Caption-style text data
**********

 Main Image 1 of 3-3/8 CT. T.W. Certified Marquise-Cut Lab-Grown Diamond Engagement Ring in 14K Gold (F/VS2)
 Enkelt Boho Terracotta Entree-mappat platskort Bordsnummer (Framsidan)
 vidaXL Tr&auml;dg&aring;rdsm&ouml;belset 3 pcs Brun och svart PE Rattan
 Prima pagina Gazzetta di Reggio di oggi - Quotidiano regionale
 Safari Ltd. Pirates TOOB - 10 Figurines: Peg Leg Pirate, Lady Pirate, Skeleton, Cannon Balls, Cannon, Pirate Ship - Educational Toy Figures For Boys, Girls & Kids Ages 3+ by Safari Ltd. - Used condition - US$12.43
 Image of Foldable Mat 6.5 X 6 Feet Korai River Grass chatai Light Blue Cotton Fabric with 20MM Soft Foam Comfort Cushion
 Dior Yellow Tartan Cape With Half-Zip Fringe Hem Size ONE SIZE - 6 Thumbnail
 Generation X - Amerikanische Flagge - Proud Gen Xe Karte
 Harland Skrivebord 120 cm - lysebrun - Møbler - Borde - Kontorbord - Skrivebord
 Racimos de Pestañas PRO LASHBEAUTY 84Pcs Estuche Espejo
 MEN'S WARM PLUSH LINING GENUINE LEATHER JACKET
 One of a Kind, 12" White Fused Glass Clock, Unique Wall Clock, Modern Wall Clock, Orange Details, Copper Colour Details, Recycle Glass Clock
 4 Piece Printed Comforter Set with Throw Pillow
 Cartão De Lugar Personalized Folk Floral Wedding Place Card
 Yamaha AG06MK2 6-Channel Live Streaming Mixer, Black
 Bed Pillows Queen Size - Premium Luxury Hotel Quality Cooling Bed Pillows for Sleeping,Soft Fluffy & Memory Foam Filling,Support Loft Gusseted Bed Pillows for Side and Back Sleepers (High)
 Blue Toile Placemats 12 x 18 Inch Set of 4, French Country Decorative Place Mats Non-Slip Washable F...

**********

An exact copy is needed of the lines from the one containing "Yamaha AG06MK2 6-Channel" through the end of the records.

 Yamaha AG06MK2 6-Channel Live Streaming Mixer, Black
 Bed Pillows Queen Size - Premium Luxury Hotel Quality Cooling Bed Pillows for Sleeping,Soft Fluffy & Memory Foam Filling,Support Loft Gusseted Bed Pillows for Side and Back Sleepers (High)
 Blue Toile Placemats 12 x 18 Inch Set of 4, French Country Decorative Place Mats Non-Slip Washable F...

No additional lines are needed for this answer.